‘Utterly bonkers’: Hidden meanings in ancient scroll that inspired ‘Game of Thrones’

Maude Roll. Photographed in the studio, in sections and showing details of the scroll. 25.6.10

A team of British scientists are set to make the trip to New Zealand this month, all in the hopes of unlocking the secrets hidden in a 600-year-old scroll.

The 15th-century English manuscript, known as the Canterbury Roll, is the only genealogocial scroll in the whole southern hemisphere, making it an extremely unique and prized artefact.

Despite being in the care of the University of Canterbury (UC) for over a century, experts believe they are still yet to uncover all of the scroll’s hidden meanings.

UC Senior Lecturer Dr Chris Jones says it is crazy that no one really knows about its existence.

“The Canterbury Roll is the most significant and substantial medieval artefact in New Zealand. For 100 years, UC has been the guardian of this unique 600-year-old treasure, which tells the history of England from its mythical origins to the late Middle Ages,” he said.

“No-one has anything like this in New Zealand or Australia. And it’s utterly bonkers that no-one really knows we have it, because it’s magnificent!”

The ancient document dates back to the Wars of the Roses, a series of English civil wars fought for control of the throne of England, which were the inspiration for George RR Martin’s “Game of Thrones.”

Maude Roll. Photographed in the studio, in sections and showing details of the scroll. 25.6.10

 (University of Canterbury)

The battles spanned over three centuries, sparked by a conflict between two noble British families, the Lancasters and Yorks, with a number of major players in the historic war adapted into characters for the popular fantasy series.

“The Wars of the Roses are what Games of Thrones is based on, and this is the Wars of the Roses laid out across a 5-metre, visually spectacular document,” Dr Jones said.



“It features contributions from both the key players in the Wars of the Roses — it was originally drawn up by the Lancastrian side in the conflict but it fell into Yorkist hands and they rewrote part of it.”

The final secrets harboured in the ancient text could soon be revealed, as the British scientific research team prepares to visit the university in Christchurch next week to carry out in-depth testing of the Roll.
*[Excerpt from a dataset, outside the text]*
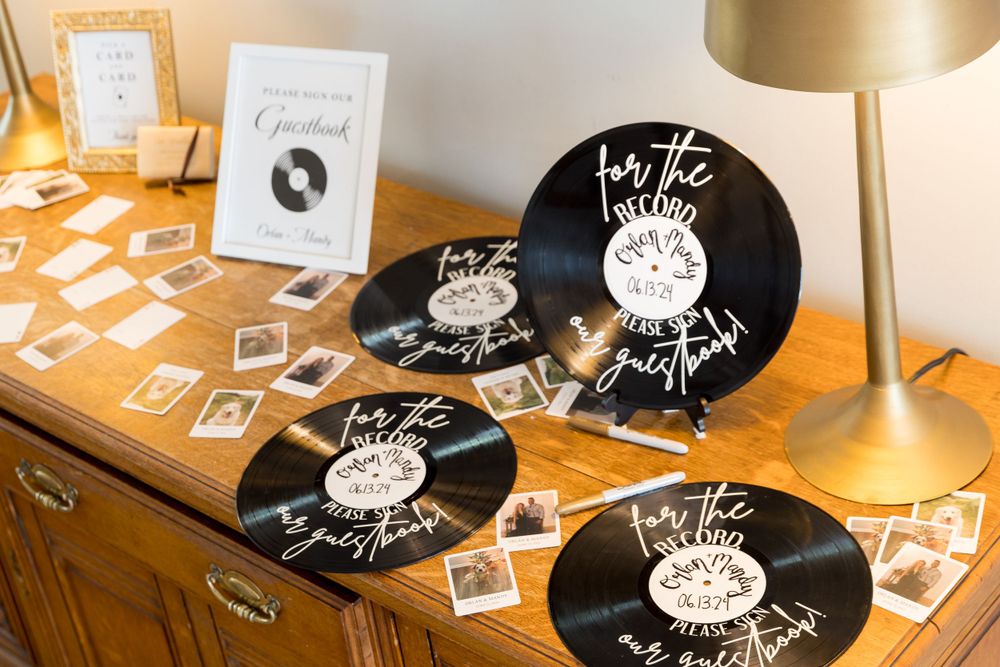 Decorative vinyl records and photographs displayed on wooden table as wedding reception decor.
They say they’re looking for “hidden” writing and any other features.

“The UK scientific team will be carrying out a series of tests on the Roll with specialised equipment,” Dr Jones said.

“The science itself is new: it’s groundbreaking work that has never before been applied to this type of manuscript.”
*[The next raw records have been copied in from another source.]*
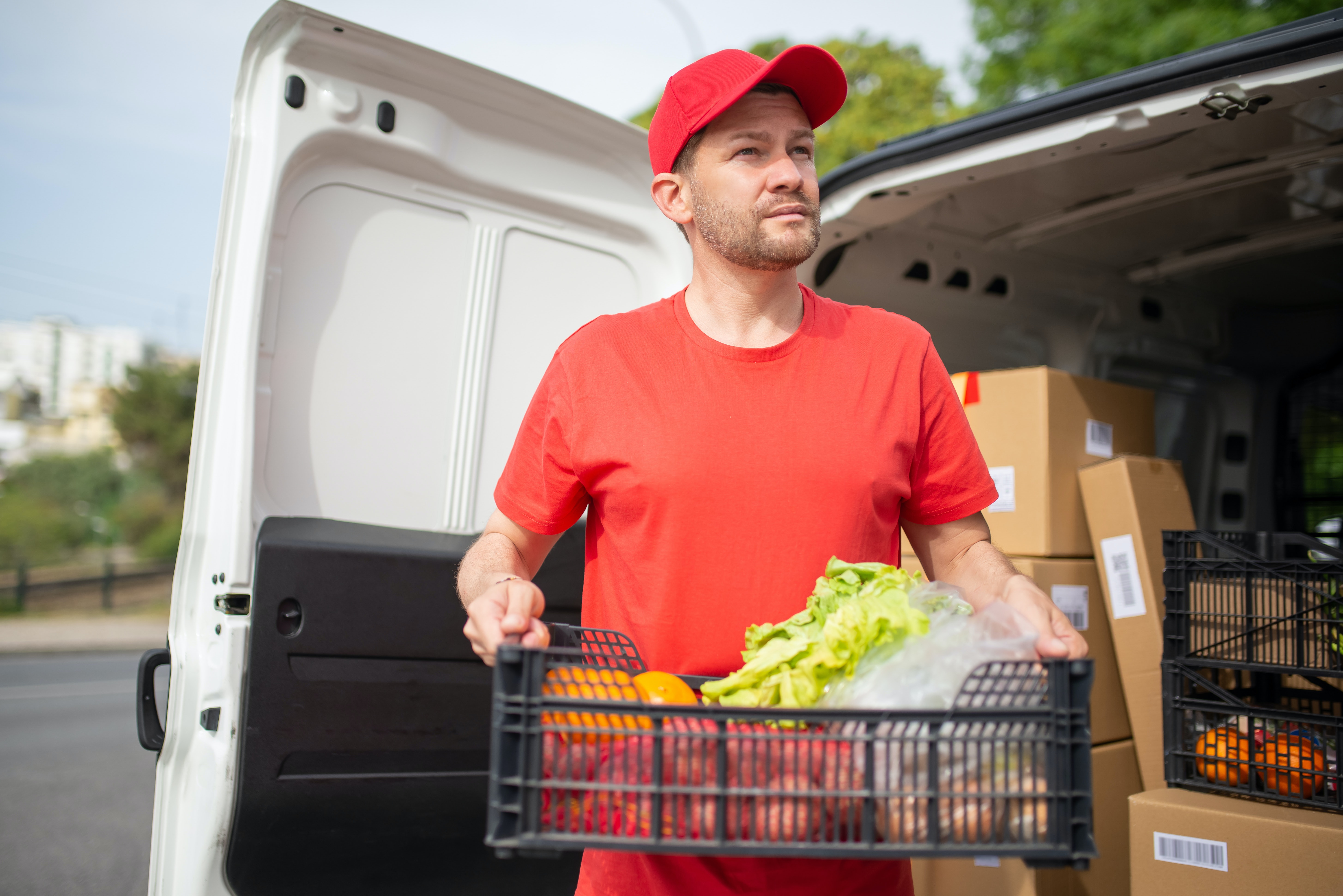 A man in a red t-shirt and hat carrying a box of groceries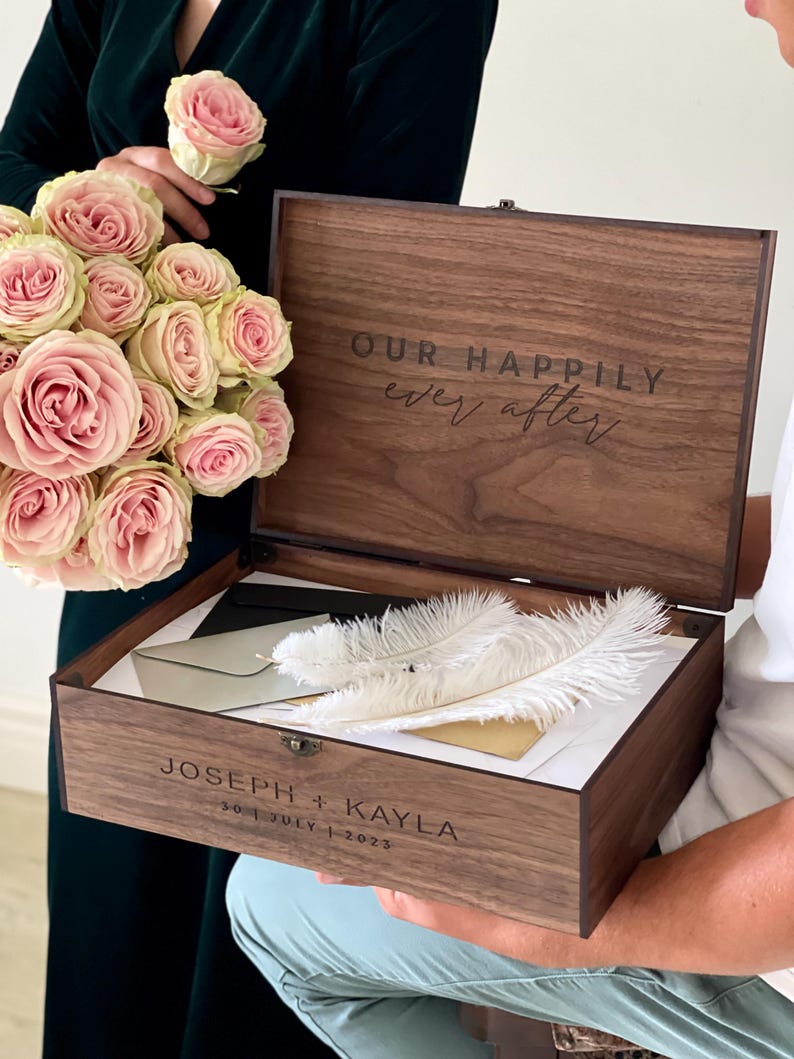 May include: A wooden keepsake box with the inscription "OUR HAPPILY ever after" on the lid. Inside are white feathers and envelopes. The box is engraved with "JOSEPH + KAYLA" and the date "30 | JULY | 2023". A bouquet of pink roses is held nearby.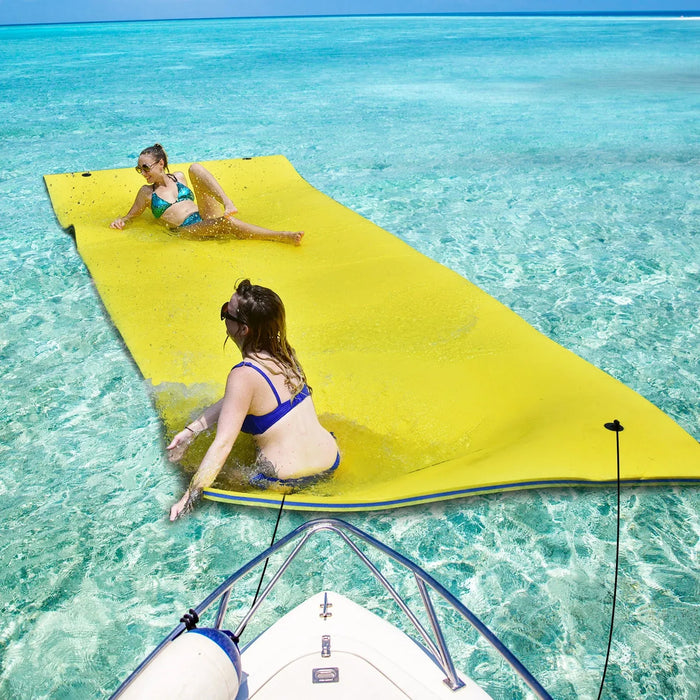 Two women relaxing on a large yellow foam water float in clear blue ocean by a boat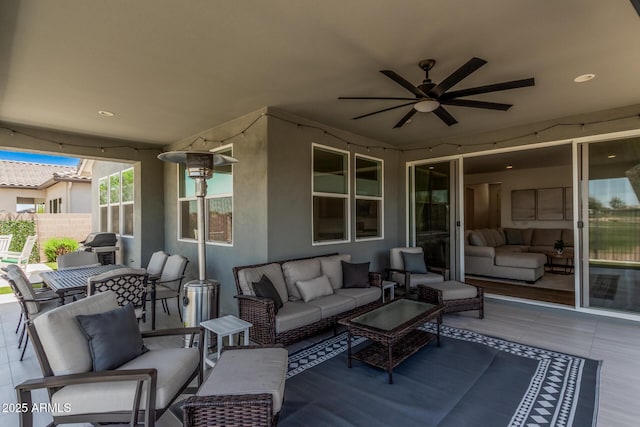 view of patio with a ceiling fan, outdoor lounge area, fence, and outdoor dining space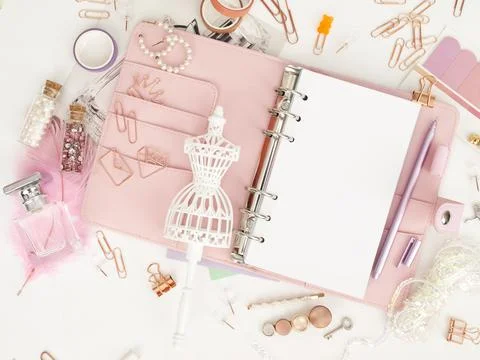 Top view of a pink planner with cute stationery. Pink glamour planner with a Illustrazione stock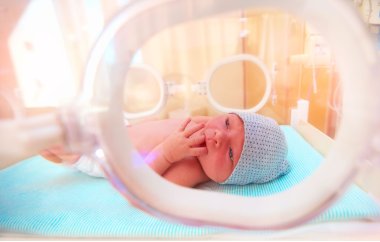 Neugeborenes Baby liegt im Säuglingsinkubator im Krankenhaus und lutscht an den Fingern Neugeborenes Baby liegt im Säuglingsinkubator im Krankenhaus und lutscht an den Fingern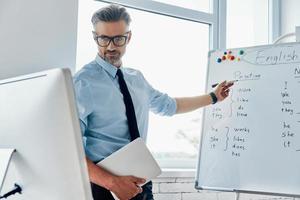 männlicher englischlehrer, der whiteboard zeigt, während er webkonferenz im klassenzimmer hat foto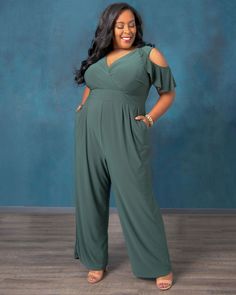 A "tastemaker" is defined as one whose influence defines what is fashionable.  We couldn't help but name this silhouette the Tastemaker as it's a perfect balance of easy fit and effortless style.  This one and done plus size jumpsuit creates an influencer status statement of what is fashionable and features details like pleating at the waist, cold shoulder sleeves with a fun flounce and zipper in back. Jumpsuit And Cardigan, Cold Shoulder Sleeves, One And Done, Chic Cardigan, Evening Gown Dresses, Plus Size Jumpsuit, Casual Wedding, Jumpsuit Fashion, Maxi Wrap Dress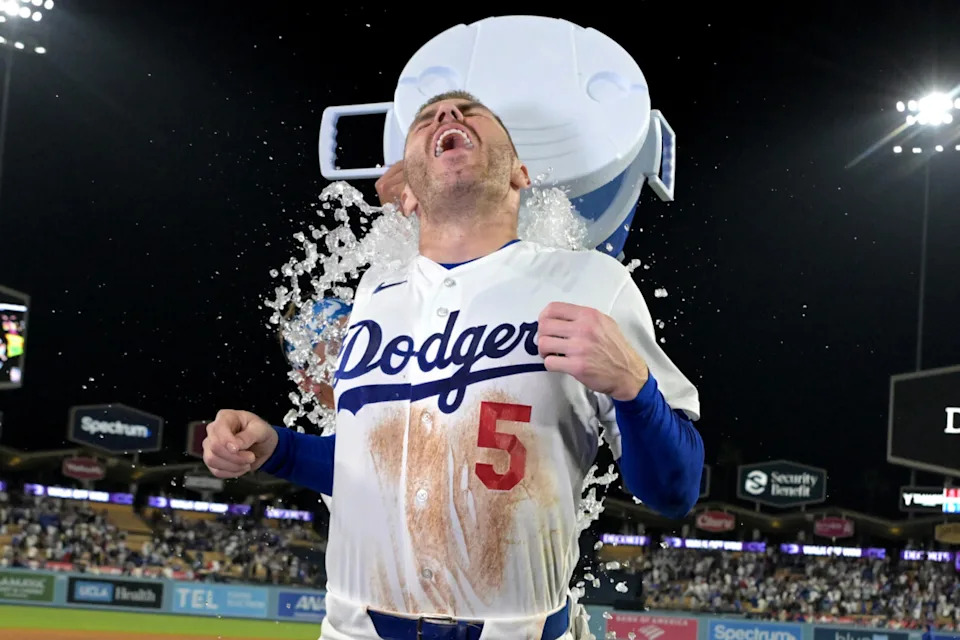 Jun 5, 2026; Los Angeles, California, USA; Los Angeles Dodgers left fielder <a class="link " href="https://sports.yahoo.com/mlb/players/12653/" data-i13n="sec:content-canvas;subsec:anchor_text;elm:context_link" data-ylk="slk:Alex Call;sec:content-canvas;subsec:anchor_text;elm:context_link;itc:0" data-yga="{"yLinkElement":"context_link","yModuleName":"content-canvas","yLinkText":"Alex Call","ySubModuleName":"anchor_text","yHasCommerce":false}">Alex Call</a> (12) dumps a cooler of ice water on first baseman Freddie Freeman (5) after hitting a walk-off home run Los Angeles Angels in the ninth inning at Dodger Stadium. Mandatory Credit: Jayne Kamin-Oncea-Imagn Images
In order to make the scrolls secrets more accessible, UC staff and students are working to translate and digitise the medieval manuscript, with the efforts known as the “Canterbury Roll Project”.

The full digitised Roll will be available to the public in 2018, with stage one of the digital version already accessible on the university’s website.
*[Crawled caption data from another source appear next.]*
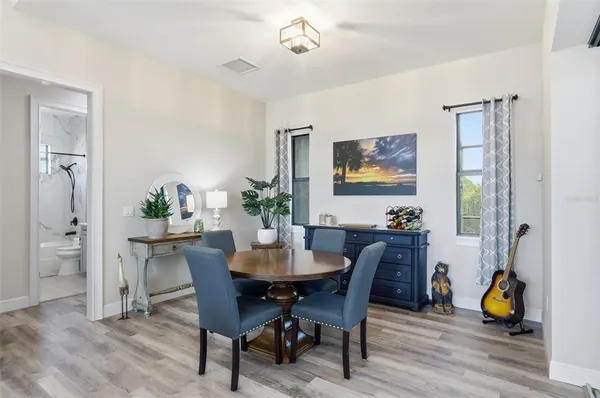 a large white kitchen with granite countertop a sink and a large window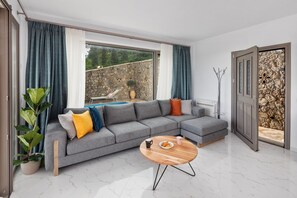 A modern living room with a grey sectional sofa, a round wooden coffee table, and a large window with curtains.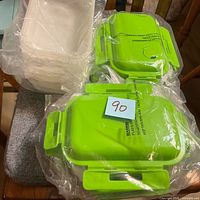 Stack of off-white bases and multiple green vented lids in plastic wrap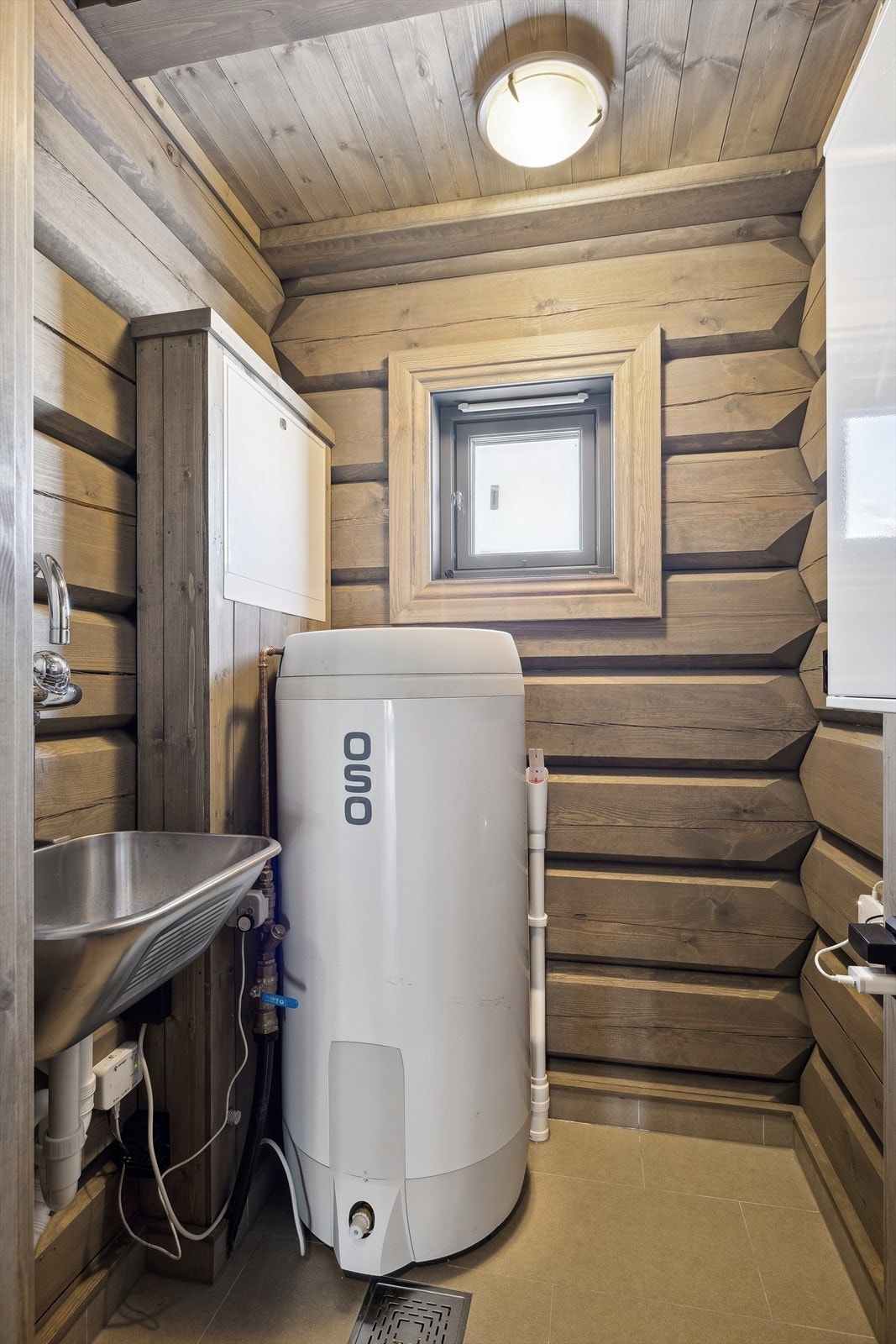 Praktisk, separat vaskerom med flis på gulvflater, tømmer vegger og panel i himling. -foto fra en oppsatt tilsvarende hytte. Galleribilde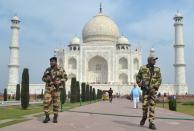 Central Industrial Security Force personnel patrol at the historic Taj Mahal premises in Agra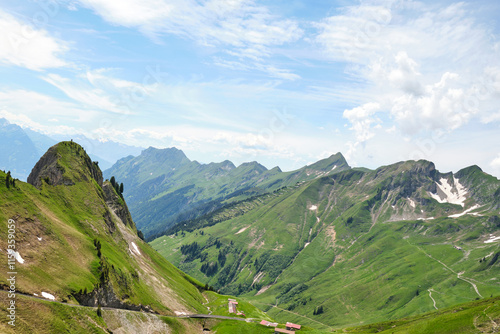 Breathtaking view of green mountains in Brienz, Switzerland, showcasing rolling hills and rugged peaks under a blue sky, perfect for nature lovers and hikers.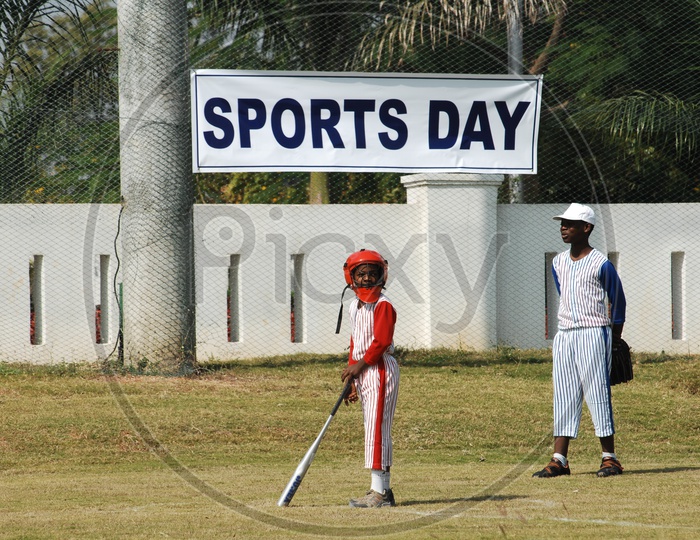 Children at the School Sport day - Playing Baseball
Dr Jones says the digital version of the Roll will be ground breaking and is set to be more advanced than any other document of its kind.

“People have released ‘digital’ rolls in the UK and the US but they tend to be static photos. This is a fully scrolling, online and zoomable text,” he said.

“It’s considerably more sophisticated than anything that exists in the world today.”

Many important aspects of the project, such as the Latin transcription and English translation, have been spearheaded by students at the University of Canterbury.

“The Latin transcription is the work of current and former UC students; the translation is the work of a current UC Master of Arts student,” Dr Jones said.